Wednesday, February 2, 2011

AWP begins today - Visit Blog This Rock all this week for haiku and other updates!



The mass gathering of creative writers known as AWP (8,000 writers in one hotel, all competing to see who has the coolest glasses) converges on DC beginning today. Some folks are trapped by weather and have had to delay their arrival or are waiting to see if they'll get here at all. We are praying to the weather and travel gods to deliver unto our city all stranded writers!

Split This Rock will have a major presence at the conference this year. You can check out our schedule here. The big change is that Split This Rock is a Literary Partner of the conference, bringing high-profile programming in exchange for organizational visibility. We are grateful to AWP and especially this year's conference chair, Francisco Aragon, for giving us this opportunity.

A sign of the times, that AWP is embracing explicitly political organizations and programs? I think so. A quick glance through this year's program shows more panels and readings with social issue content than I've ever seen before. There are Split This Rock's two panels, The Dreams the Dreamers Dreamed: A Tribute to Langston Hughes and Undivided: Poet as Public Citizen, but there's a ton of others.
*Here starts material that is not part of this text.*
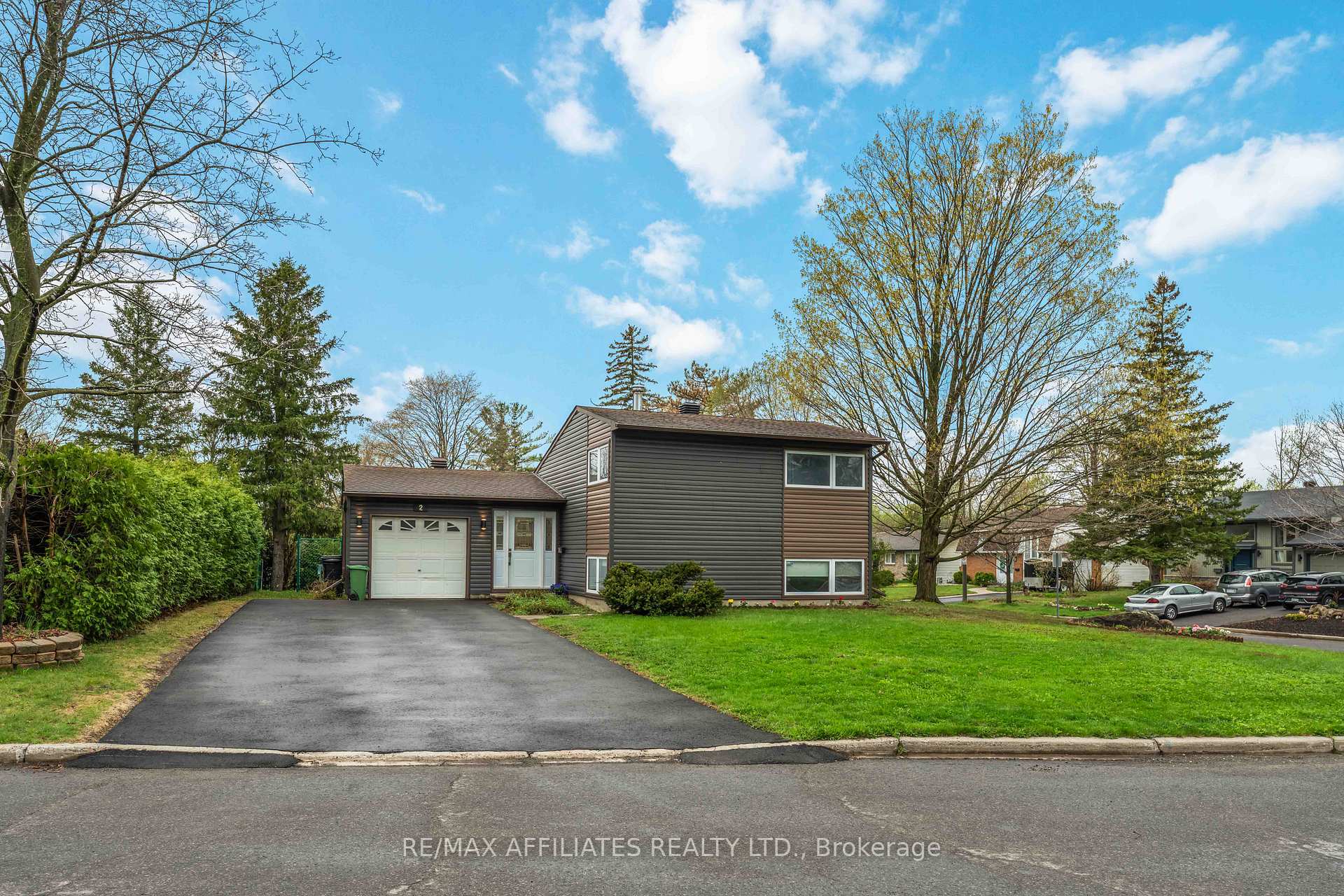 Front of 2 Teakwood Court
A small sampling, all of these before 1:30 pm on Thursday:
  • Speak Peace: American Voices Respond to Vietnamese Children's Paintings Exhibit
  • We(a)ve: Inter-Indigenous Sovereign Poetics
  • Writing Human Rights: A Reading by Writers of the Iranian Diaspora.
  • From the Home Front: Civilian Poets Writing on War
  • If I Can’t Dance You Can Keep Your Revolution: A Reading by Six Writers of Political Engagement
  • American Poets Respond to Major Global Trauma
I think that Split This Rock has played a role in helping to open up literary space for these kinds of discussions, so rare when I first started going to AWP in 2003. But the times have demanded, too, that writers engage deeply with the world: eight years of Bush and now the fall-out in every area of life - wars and occupations that stagger on with no end in sight, a gaping disparity in wealth (recently named the 8th Wonder of the World by The Onion), corporate America run amok, wreaking lives at every turn. Writers are responding - and none too soon. We'll need all our creativity to get us out of the mess we've created. We look to the Egyptians for inspiration.

Meanwhile, we head to the Marriott Wardman Park Hotel today to set up. We feel like poor relations at the banquet: Because Split This Rock is a Literary Partner this year, AWP kindly gave us a booth. But no one explained that a "booth" is really just a booth space and we'd have to rent the structure that goes inside the booth... So, visit us at #315 and see what creative decorating we come up with.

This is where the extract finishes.